LISTED ENTRIES —
....................

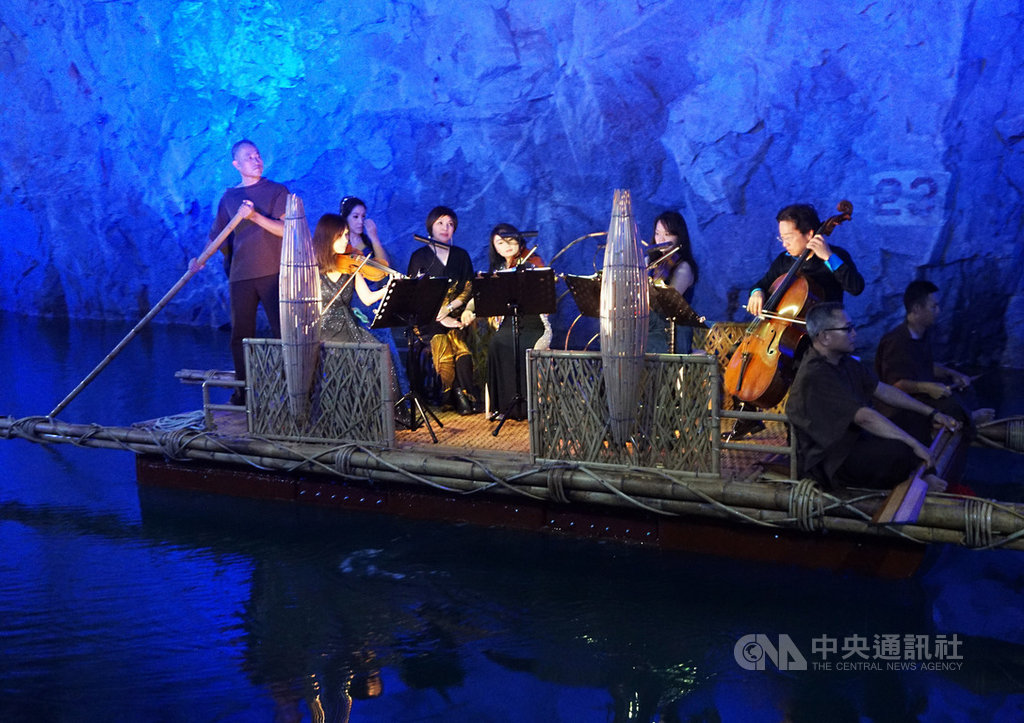 2019金門坑道音樂節19日起在翟山坑道登場,音樂節發起人、大提琴家張正傑(演奏大提琴者)表示,坑道就是天然的音箱,翟山坑道音樂會已成為全世界獨一無二音樂體驗。中央社記者黃慧敏攝 108年10月19日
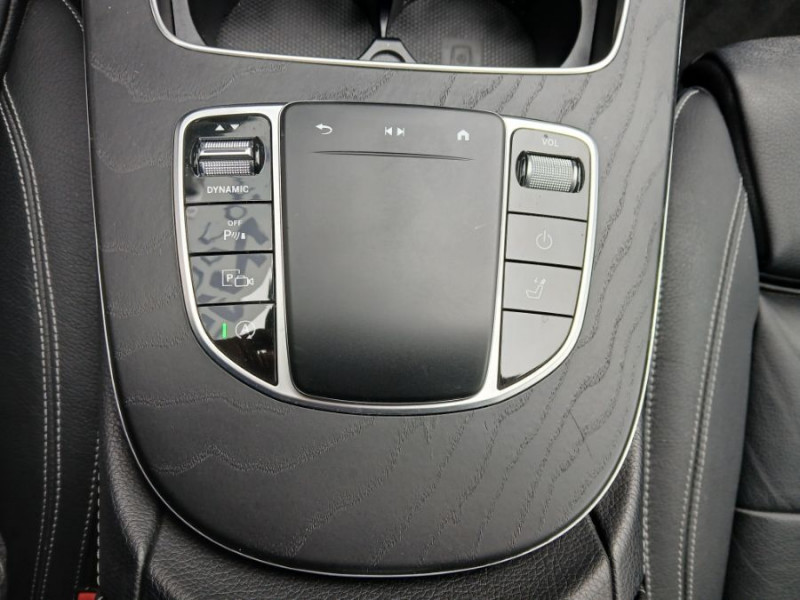 Photo 27 de l'offre de MERCEDES-BENZ CLASSE E SW IV 200 D 160cv 9G-Tronic CUIR Camera Hayon EL. Attel. à 31950€ chez Mérignac auto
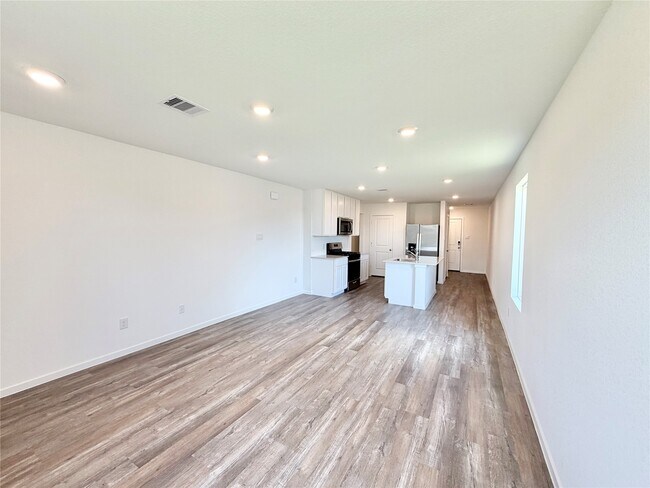 Photo - 40839 Hawthorne Glades St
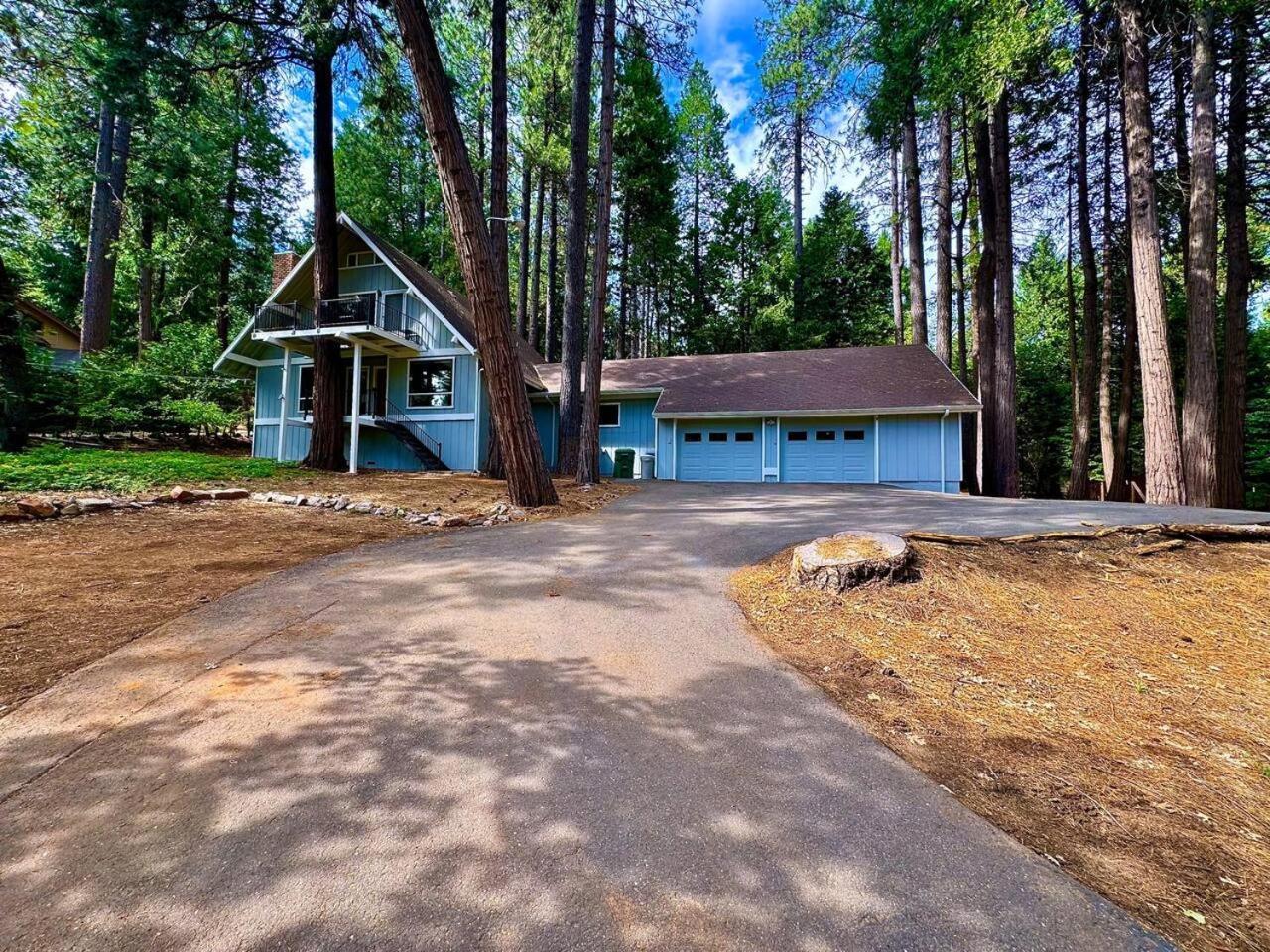Cabin In The Trees-Game Room Pollock Pines Экстерьер фото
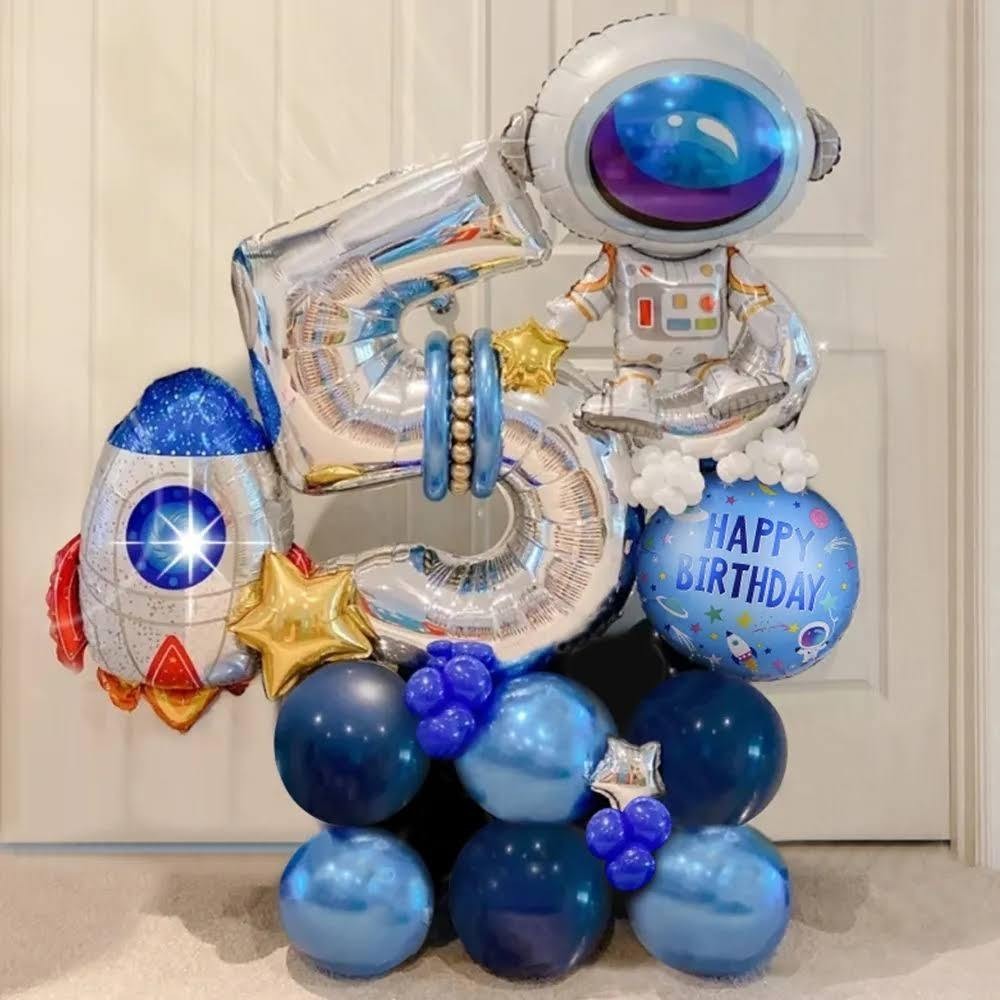 Astronaut Galaxy Balloons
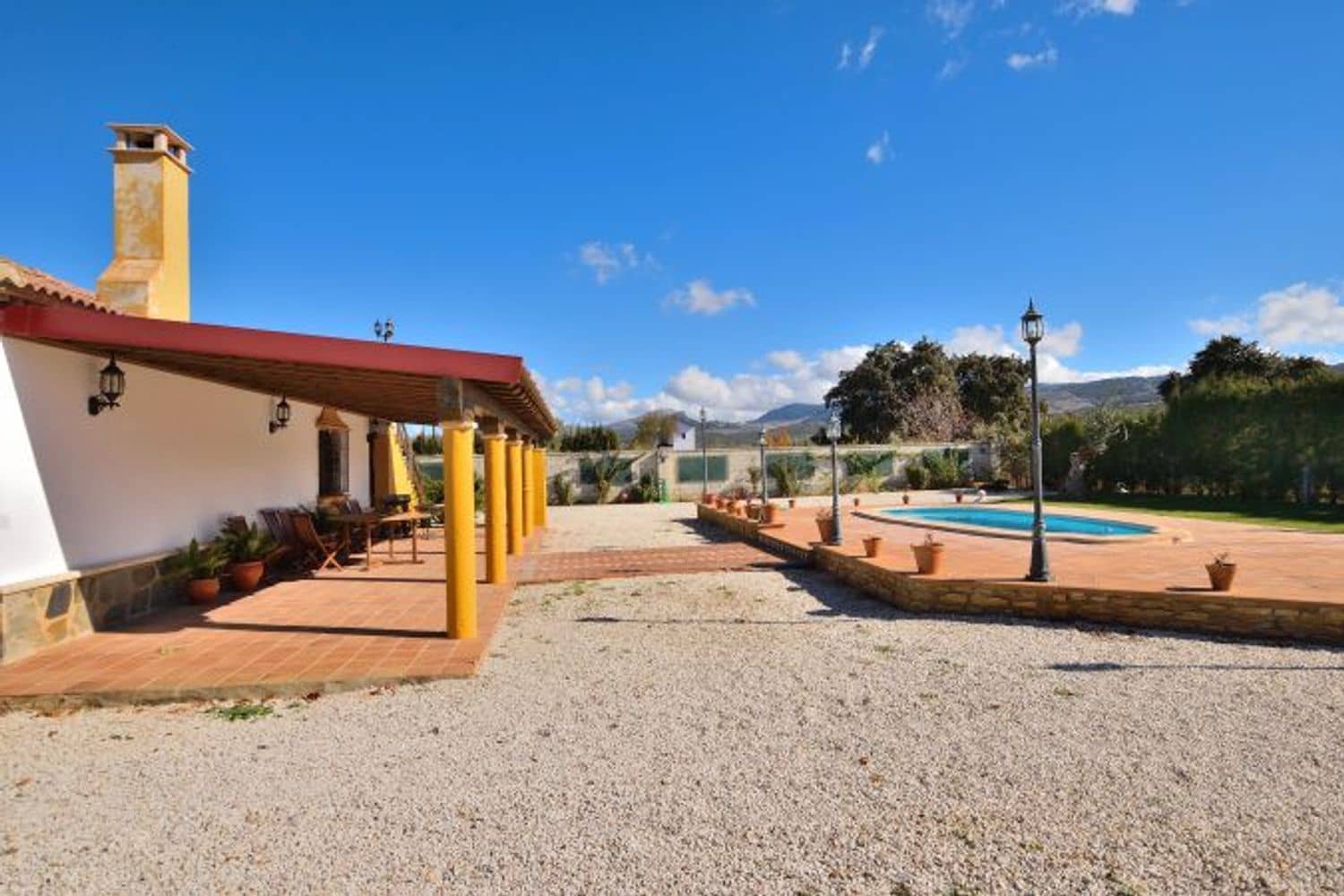 2 soveværelse Finca/Landehus til salg i Ronda med swimmingpool garage - € 425.000 (Ref: 9974548)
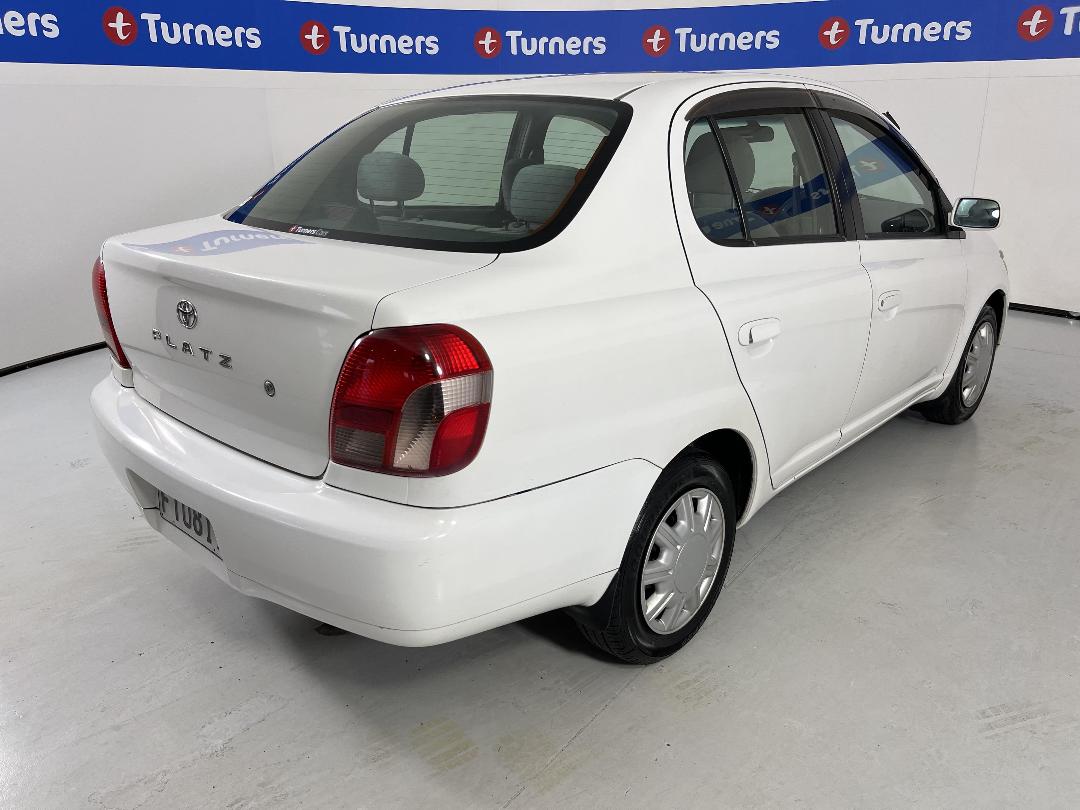 Photo '7' of Toyota Platz Photo '7' of Toyota Platz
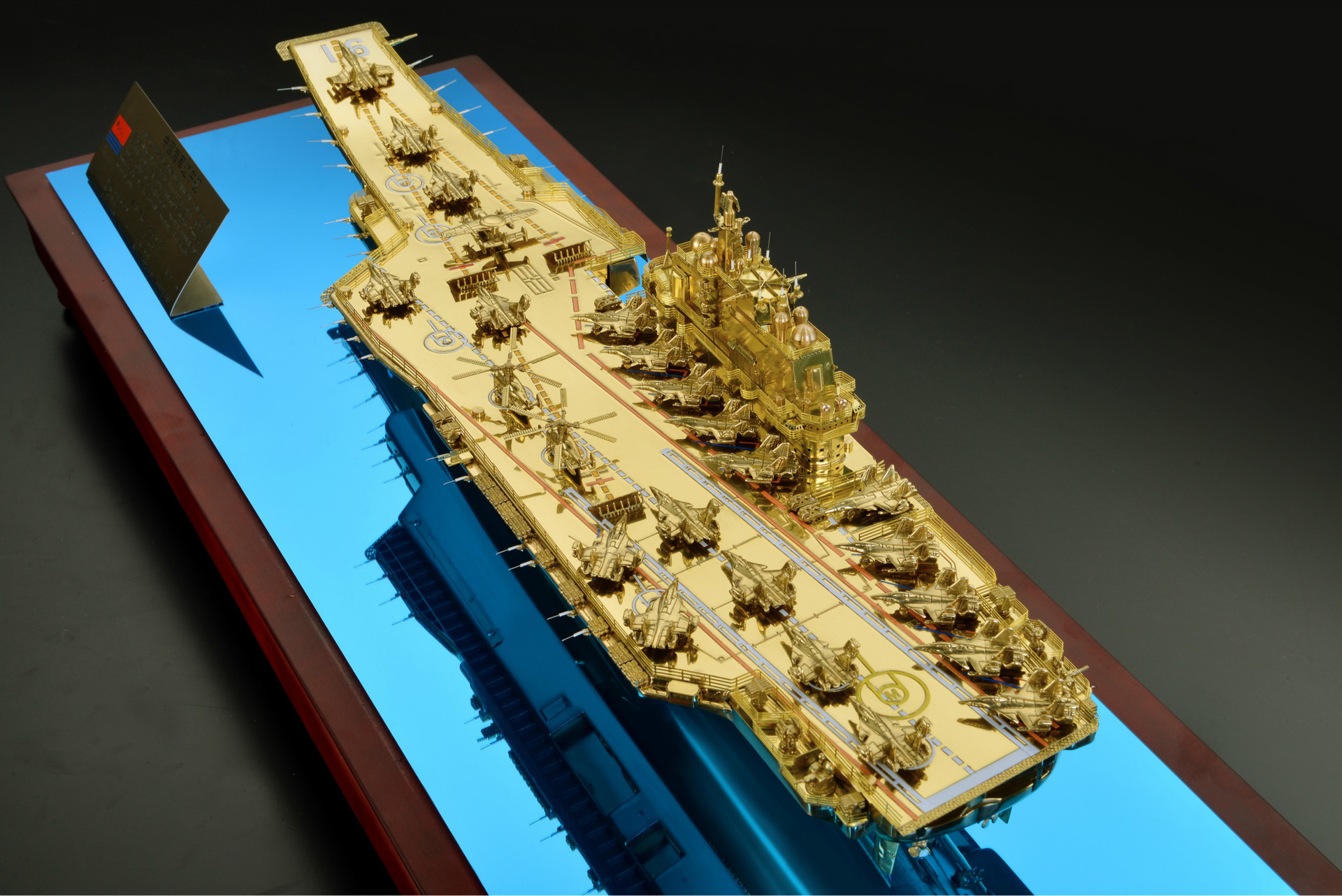 中国海军辽宁舰模型 80cm纯铜航母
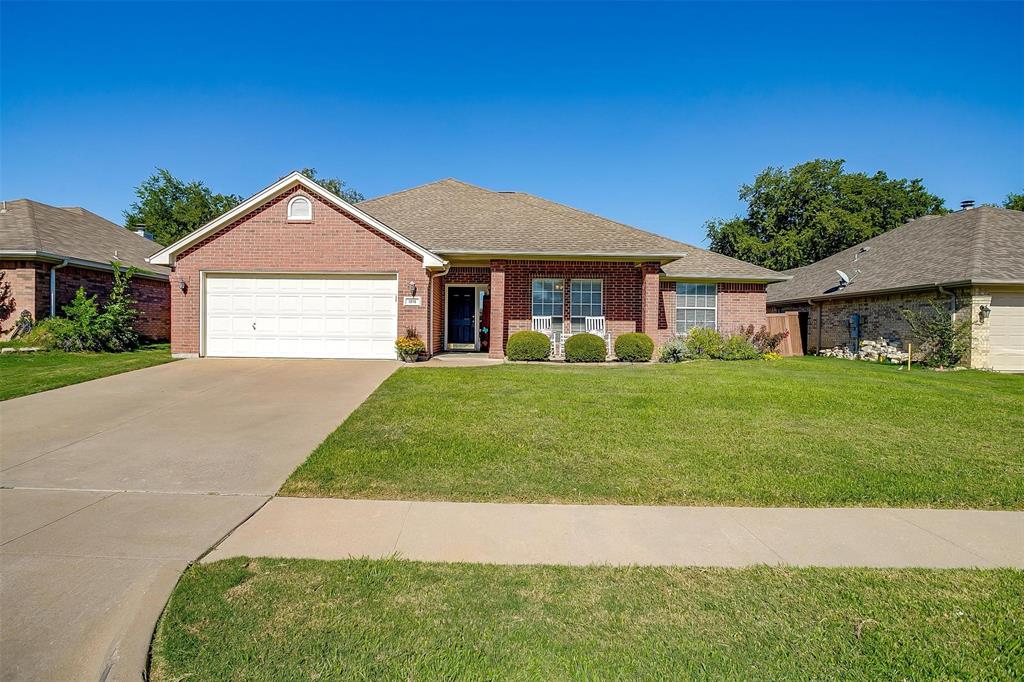 Heberle Dr, Burleson, TX 76028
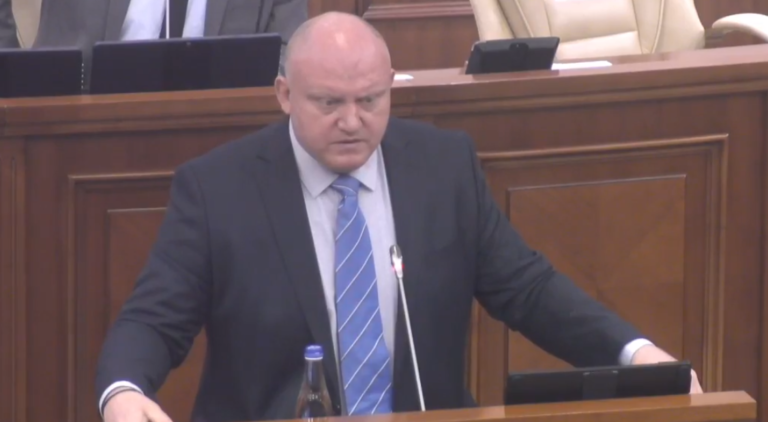 «Надо врезать по этой наглой роже»: депутат Боля с парламентской трибуны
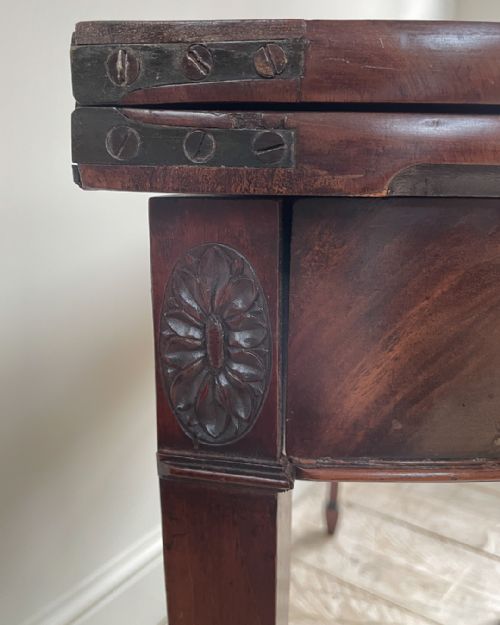GEORGIAN DEMILUNE MAHOGANY CARD TABLE - ADDITIONAL PHOTO 8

....................

PROBLEM DESCRIPTION —
Once the pictures are set aside, copy the remaining text of every entry exactly.

RESPONSE TO THIS TASK —
 2019金門坑道音樂節19日起在翟山坑道登場,音樂節發起人、大提琴家張正傑(演奏大提琴者)表示,坑道就是天然的音箱,翟山坑道音樂會已成為全世界獨一無二音樂體驗。中央社記者黃慧敏攝 108年10月19日
 Photo 27 de l'offre de MERCEDES-BENZ CLASSE E SW IV 200 D 160cv 9G-Tronic CUIR Camera Hayon EL. Attel. à 31950€ chez Mérignac auto
 Photo - 40839 Hawthorne Glades St
Cabin In The Trees-Game Room Pollock Pines Экстерьер фото
 Astronaut Galaxy Balloons
 2 soveværelse Finca/Landehus til salg i Ronda med swimmingpool garage - € 425.000 (Ref: 9974548)
 Photo '7' of Toyota Platz Photo '7' of Toyota Platz
 中国海军辽宁舰模型 80cm纯铜航母
 Heberle Dr, Burleson, TX 76028
 «Надо врезать по этой наглой роже»: депутат Боля с парламентской трибуны
GEORGIAN DEMILUNE MAHOGANY CARD TABLE - ADDITIONAL PHOTO 8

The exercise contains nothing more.